__Task requirements__: Only the lines holding the string "Lounge" are needed; copy each of them from the data.

Caption-style text data:
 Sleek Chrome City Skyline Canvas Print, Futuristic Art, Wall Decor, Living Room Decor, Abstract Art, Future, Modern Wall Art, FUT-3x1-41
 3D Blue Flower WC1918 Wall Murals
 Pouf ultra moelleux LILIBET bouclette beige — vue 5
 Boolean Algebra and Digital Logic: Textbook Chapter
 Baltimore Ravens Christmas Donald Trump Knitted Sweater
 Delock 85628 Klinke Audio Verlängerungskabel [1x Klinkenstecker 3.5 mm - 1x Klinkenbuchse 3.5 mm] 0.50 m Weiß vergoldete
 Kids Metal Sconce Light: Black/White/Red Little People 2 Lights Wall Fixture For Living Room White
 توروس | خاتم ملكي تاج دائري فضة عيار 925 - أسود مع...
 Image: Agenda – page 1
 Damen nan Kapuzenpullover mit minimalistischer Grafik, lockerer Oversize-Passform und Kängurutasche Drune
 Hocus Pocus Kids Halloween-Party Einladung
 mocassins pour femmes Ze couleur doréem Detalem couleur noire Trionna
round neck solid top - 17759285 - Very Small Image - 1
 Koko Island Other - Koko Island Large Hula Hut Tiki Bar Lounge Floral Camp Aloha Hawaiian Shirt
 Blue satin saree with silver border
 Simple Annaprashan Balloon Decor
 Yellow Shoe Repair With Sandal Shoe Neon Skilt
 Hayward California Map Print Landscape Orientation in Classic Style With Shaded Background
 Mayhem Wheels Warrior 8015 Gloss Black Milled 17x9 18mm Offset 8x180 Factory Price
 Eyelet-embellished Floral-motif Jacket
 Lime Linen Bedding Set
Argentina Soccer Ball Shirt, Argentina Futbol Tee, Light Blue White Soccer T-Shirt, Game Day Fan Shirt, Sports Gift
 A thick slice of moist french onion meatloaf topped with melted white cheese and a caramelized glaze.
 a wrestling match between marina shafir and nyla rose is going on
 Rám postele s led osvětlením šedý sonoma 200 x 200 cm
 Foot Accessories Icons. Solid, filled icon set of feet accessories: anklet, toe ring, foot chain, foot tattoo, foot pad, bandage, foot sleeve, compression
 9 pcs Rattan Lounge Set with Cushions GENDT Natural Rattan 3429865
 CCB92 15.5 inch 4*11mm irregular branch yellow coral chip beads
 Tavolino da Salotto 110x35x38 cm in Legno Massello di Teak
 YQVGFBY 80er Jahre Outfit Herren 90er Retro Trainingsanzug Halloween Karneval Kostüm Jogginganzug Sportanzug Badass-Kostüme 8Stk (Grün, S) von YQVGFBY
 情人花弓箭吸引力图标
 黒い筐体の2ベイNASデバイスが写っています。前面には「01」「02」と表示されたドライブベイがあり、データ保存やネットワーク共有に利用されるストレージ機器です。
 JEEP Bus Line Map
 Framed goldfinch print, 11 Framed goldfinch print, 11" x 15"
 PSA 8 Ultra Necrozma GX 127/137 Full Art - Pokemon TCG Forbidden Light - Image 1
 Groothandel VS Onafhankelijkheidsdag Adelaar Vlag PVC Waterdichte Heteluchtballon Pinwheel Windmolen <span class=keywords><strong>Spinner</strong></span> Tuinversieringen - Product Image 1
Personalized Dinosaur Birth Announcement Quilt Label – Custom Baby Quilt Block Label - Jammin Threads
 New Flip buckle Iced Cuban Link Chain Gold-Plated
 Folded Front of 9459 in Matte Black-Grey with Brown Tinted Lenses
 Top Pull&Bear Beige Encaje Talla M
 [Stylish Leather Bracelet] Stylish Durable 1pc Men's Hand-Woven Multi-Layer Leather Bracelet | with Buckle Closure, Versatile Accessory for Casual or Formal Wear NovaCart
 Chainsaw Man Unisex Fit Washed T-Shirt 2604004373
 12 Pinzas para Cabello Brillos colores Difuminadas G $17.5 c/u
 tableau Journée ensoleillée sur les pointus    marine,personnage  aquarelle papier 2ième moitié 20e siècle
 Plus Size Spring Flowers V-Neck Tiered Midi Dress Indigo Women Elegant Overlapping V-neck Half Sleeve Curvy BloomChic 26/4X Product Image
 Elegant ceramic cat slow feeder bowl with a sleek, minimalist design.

__Solution to this exercise__:
 Koko Island Other - Koko Island Large Hula Hut Tiki Bar Lounge Floral Camp Aloha Hawaiian Shirt
 9 pcs Rattan Lounge Set with Cushions GENDT Natural Rattan 3429865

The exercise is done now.